● **WORK REQUIRED**
Wherever the records include pictures, skip them and transcribe all the rest word for word.

————————

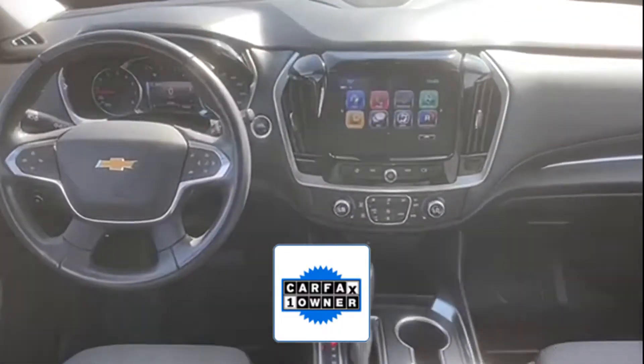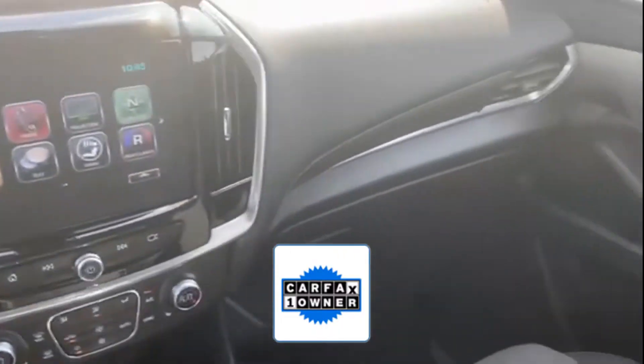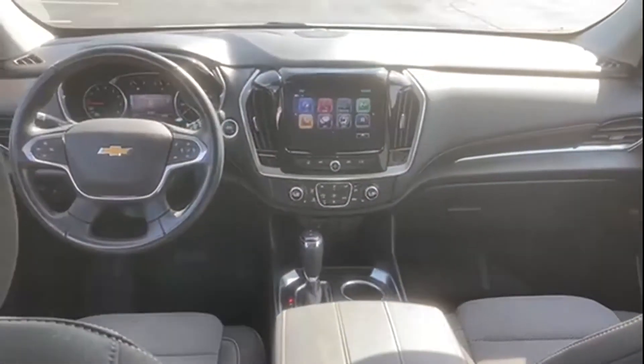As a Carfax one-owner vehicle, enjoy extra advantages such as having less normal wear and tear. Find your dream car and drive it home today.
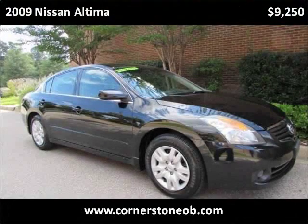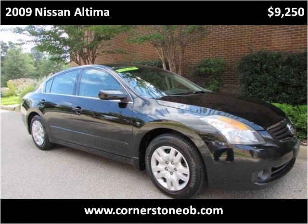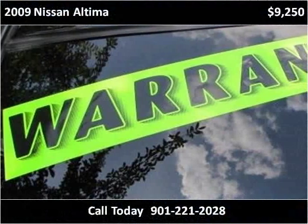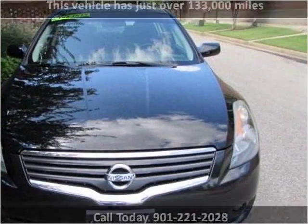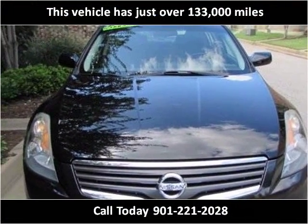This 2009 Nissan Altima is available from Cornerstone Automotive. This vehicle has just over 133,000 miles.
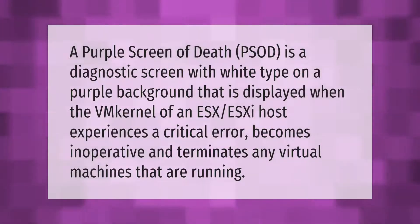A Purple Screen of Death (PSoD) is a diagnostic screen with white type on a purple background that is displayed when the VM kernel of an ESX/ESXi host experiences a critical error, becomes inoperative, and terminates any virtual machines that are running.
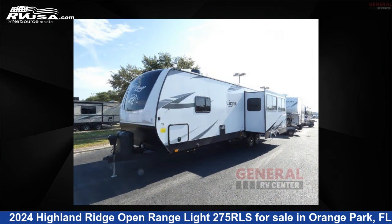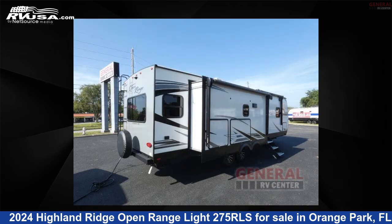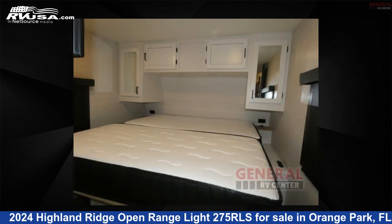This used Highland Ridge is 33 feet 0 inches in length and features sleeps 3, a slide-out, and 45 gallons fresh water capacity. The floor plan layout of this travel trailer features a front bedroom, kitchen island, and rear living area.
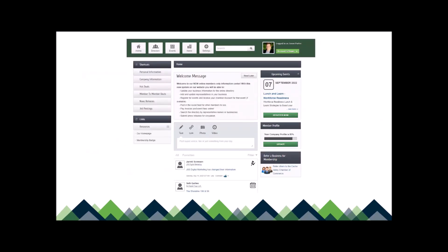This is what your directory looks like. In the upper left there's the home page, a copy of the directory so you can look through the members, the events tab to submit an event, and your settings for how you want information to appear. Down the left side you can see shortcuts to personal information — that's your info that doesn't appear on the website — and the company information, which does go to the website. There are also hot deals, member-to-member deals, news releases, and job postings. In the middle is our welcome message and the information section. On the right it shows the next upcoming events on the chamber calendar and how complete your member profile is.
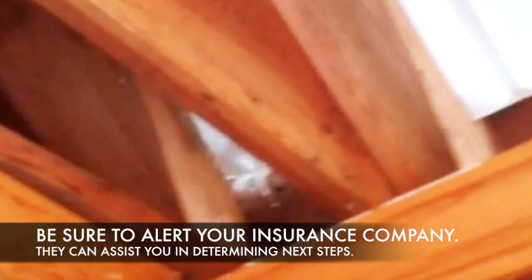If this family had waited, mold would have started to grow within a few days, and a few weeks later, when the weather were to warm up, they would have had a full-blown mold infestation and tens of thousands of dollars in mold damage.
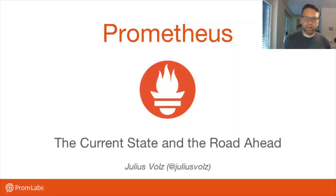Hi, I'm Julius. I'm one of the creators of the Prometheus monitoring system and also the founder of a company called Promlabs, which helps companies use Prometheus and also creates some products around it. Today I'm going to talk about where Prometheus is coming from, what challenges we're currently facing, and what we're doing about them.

————————

● **WRITTEN RESPONSE**
As a Carfax one-owner vehicle, enjoy extra advantages such as having less normal wear and tear. Find your dream car and drive it home today.
This 2009 Nissan Altima is available from Cornerstone Automotive. This vehicle has just over 133,000 miles.
A Purple Screen of Death (PSoD) is a diagnostic screen with white type on a purple background that is displayed when the VM kernel of an ESX/ESXi host experiences a critical error, becomes inoperative, and terminates any virtual machines that are running.
This used Highland Ridge is 33 feet 0 inches in length and features sleeps 3, a slide-out, and 45 gallons fresh water capacity. The floor plan layout of this travel trailer features a front bedroom, kitchen island, and rear living area.
This is what your directory looks like. In the upper left there's the home page, a copy of the directory so you can look through the members, the events tab to submit an event, and your settings for how you want information to appear. Down the left side you can see shortcuts to personal information — that's your info that doesn't appear on the website — and the company information, which does go to the website. There are also hot deals, member-to-member deals, news releases, and job postings. In the middle is our welcome message and the information section. On the right it shows the next upcoming events on the chamber calendar and how complete your member profile is.
If this family had waited, mold would have started to grow within a few days, and a few weeks later, when the weather were to warm up, they would have had a full-blown mold infestation and tens of thousands of dollars in mold damage.
Hi, I'm Julius. I'm one of the creators of the Prometheus monitoring system and also the founder of a company called Promlabs, which helps companies use Prometheus and also creates some products around it. Today I'm going to talk about where Prometheus is coming from, what challenges we're currently facing, and what we're doing about them.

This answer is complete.